Exercise brief
Transcribe exactly the lines from the one containing "Biolume Serpent //" through the end of the data, both included. Leave out pictures.

Data provided
########

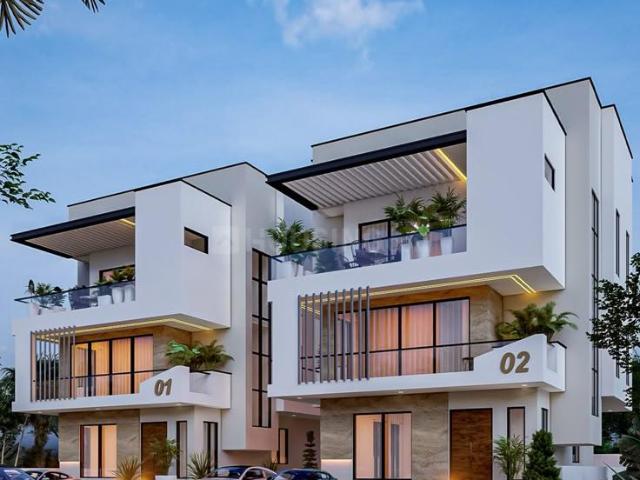 4 BHK Independent House in Besa for resale Nagpur. The reference number is 20487973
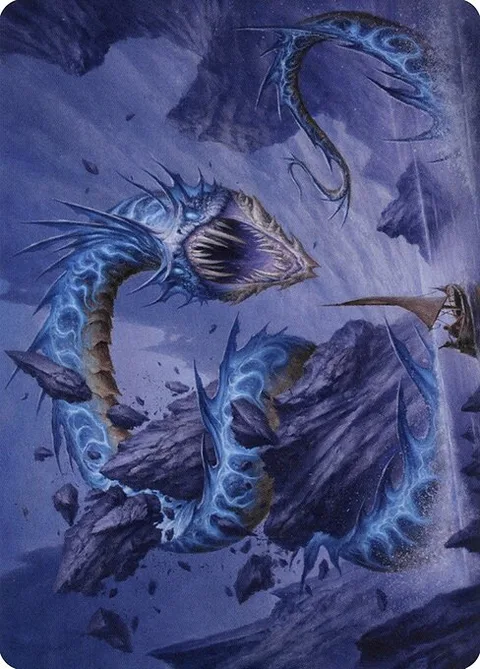 Biolume Serpent // Biolume Serpent, carte 20 de Crimson Vow Art Series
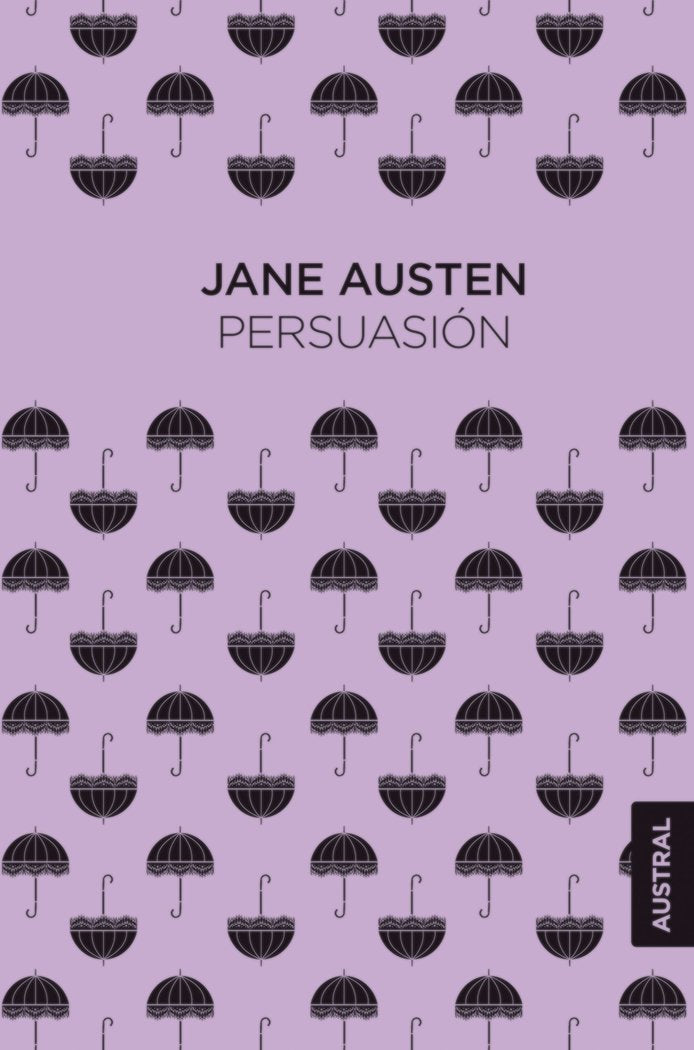 PERSUASION, de JANE AUSTEN | portada del libro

########

Answer
 Biolume Serpent // Biolume Serpent, carte 20 de Crimson Vow Art Series
 PERSUASION, de JANE AUSTEN | portada del libro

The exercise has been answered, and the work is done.